Le mot qui me vient devant ces grandes installations indiennes, qui utilisent les langages cinématographiques, métaphoriques et l'animation électrique, c'est le mot mobilisation. Vous aimez « mobiliser », mettre en mouvement, à la fois l'œuvre et le spectateur ?

Les deux états d'une sculpture animée me conviennent, qu'elle soit arrêtée ou en mouvement et Je souhaite que les spectateurs soient parties prenantes du projet, que ce soit dans la lecture de l’œuvre ou y participant dans un mode interactif.

Cette période est marquée aussi par nombre d'œuvres de taille plus réduite : Plutôt la honte - Holyworld - Promis juré ici c'est ailleurs - We don't know him from Eden - Aimer rire et chanter... dont certaines font référence à la politique (l'extrême droite au pouvoir en Autriche)... comme vous l'aviez déjà fait à l'occasion de certains crises politiques belges : ainsi L'impossibilité de régner ou encore B.au bord des lèvres (5).


(5) B. au bord des lèvres - 1992

Oui, comme une autre œuvre, éponyme celle-là, cette œuvre-ci fait référence à l'impossibilité de régner du roi Baudouin en 1990. À l’époque, je ne pouvais imaginer qu'elle prendrait un double sens avec la nostalgie qui s'emparera la Belgique à la mort du Roi en 1993.

Troisième période : le retour aux sculptures d'assemblage animées (depuis 2004)

Votre création artistique interroge la condition humaine ancrée dans un présent difficile, avec la radicalisation des religions, la disparition des utopies, en assemblant des objets récoltés lors de voyages, sur les marchés aux puces, ou encore commandés sur internet : A walk on the moon - Peu de nouvelles du Mahatma - Is there live before death - Plus d'opium pour le peuple - Vous chantez j'en suis fort aise - Les gens qui sont nés quelque part - The show must go on - Ceci n'est pas une pipe - Le chant des sirènes - Sioux in paradise - C'est le chapeau qui fait l'homme - We are under surveillance - Lucy I have a dream - AKN - Don't speak to me of love - Het zwarte schaap - Rien ne s'y oppose - Il n'y a de dieu qu'à l'image de l'homme - la fin du monde, la faim du monde... Vous ne vous inscrivez pas dans cette tradition d'un art qui revendique la non-signifiance, où l'œuvre d'art n'aurait pas d'autre fin qu'elle-même.

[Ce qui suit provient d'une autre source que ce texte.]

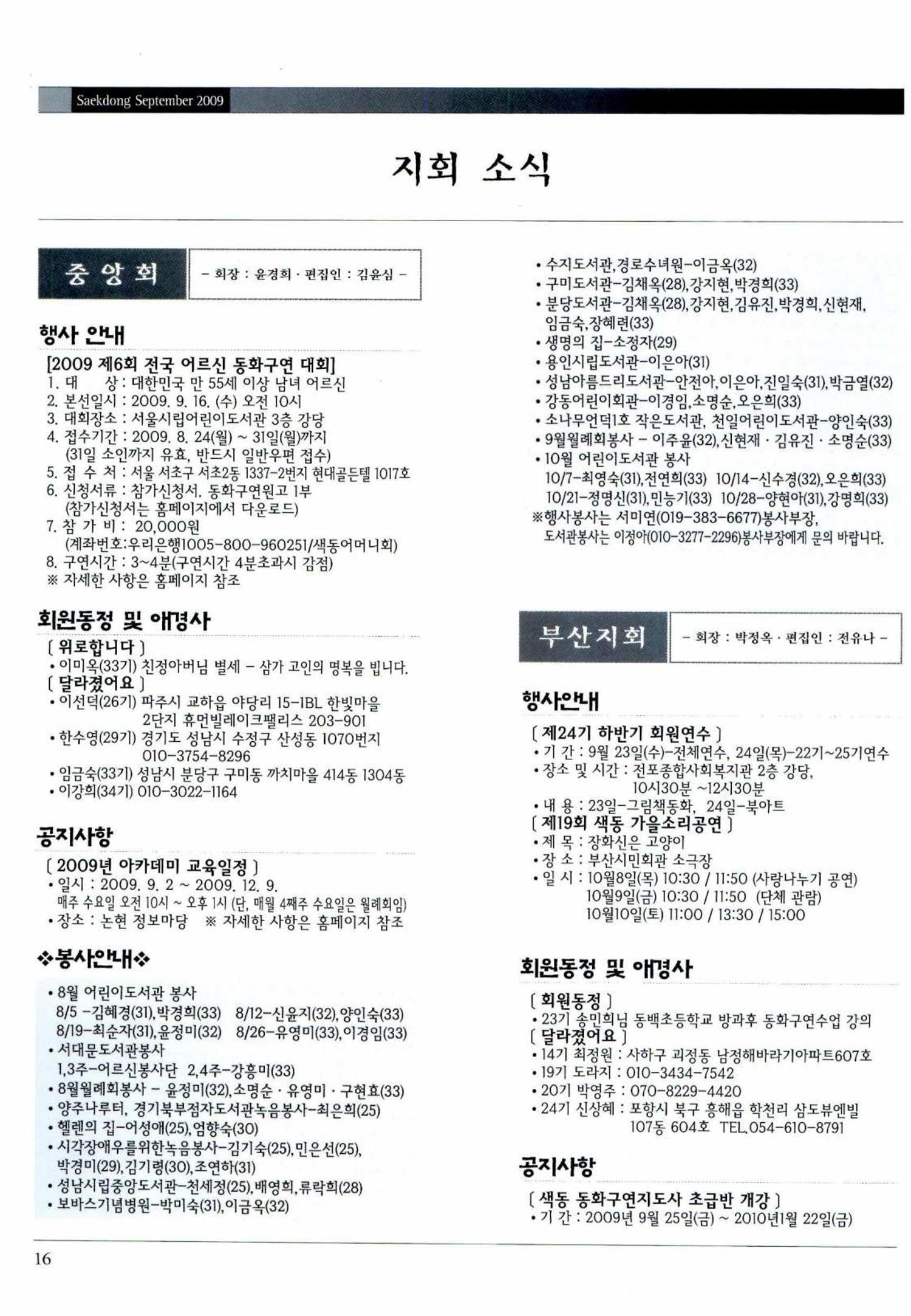 색동고리 2009년 179페이지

D'où viennent donc vos titres, à la fois signifiants et surprenants ?

Je m’approprie des mots, des phrases qui ‘rôdent’. La radio, les écrits, les conversations sont des sources d’inspiration. Généralement j'extrapole les mots que j’ai pu croiser... Régulièrement les titres sont en rapport avec mon état d'esprit au moment de la création. Ainsi Dans tes yeux une pauvre histoire... extrapole le j’étouffais (j’ai tout fait) pour toi du psychologue Jacques Salomé ou Sioux in paradise qui est, en quelque sorte, l’extrapolation de l’aphorisme du poète Achille Chavée : je suis un vieux peau-rouge qui ne marchera jamais en file indienne.

Si la question de la beauté ne se pose plus dans l'art contemporain, pas plus que celle de l'acquiescement collectif, quel est alors pour vous le ressort de l'art contemporain ?

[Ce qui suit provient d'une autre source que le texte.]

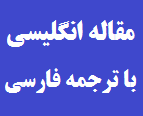 ترجمه مقاله جایابی بهینه جبرانساز استاتیک Var SVC برای افزایش پایداری ولتاژ تحت شرایط وقوع حادثه از طریق الگوریتم بهینه‌سازی ازدحام ذرات PSO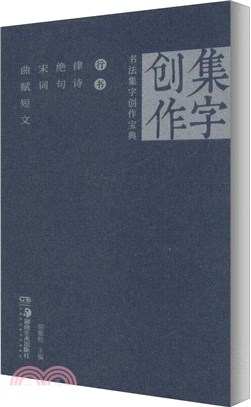 行書律詩‧絕句‧宋詞‧曲賦短文（簡體書）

Ce qui m'intéresse fondamentalement, les questions que je me pose sur le monde... se traduisent en images à la manière d'un film d'auteur (un sujet apparent, des sujets réels), je cherche à dialoguer et faire dialoguer, à faire se questionner au travers d’une œuvre, puisque créer des œuvres est devenu mon métier. Ce qui me construit dans le dialogue c’est la réciprocité des paroles, des points de vue.

Nous sommes imprégnés du mode de pensée scientifique, penser et travailler au départ d’un protocole en activant des paramètres d’expérimentation qui nous permettront d’en tirer des conclusions (fussent-elles momentanées). Il y a peu de raisons pour que l’art fonctionne différemment, au départ du moins, car la différence (essentielle) réside dans l’existence, dans la quête d’un paramètre métaphorique. Autrement dit : à l’opposé de la pensée scientifique, dans la pensée artistique, c'est la métaphore qui détermine la relation avec l'œuvre.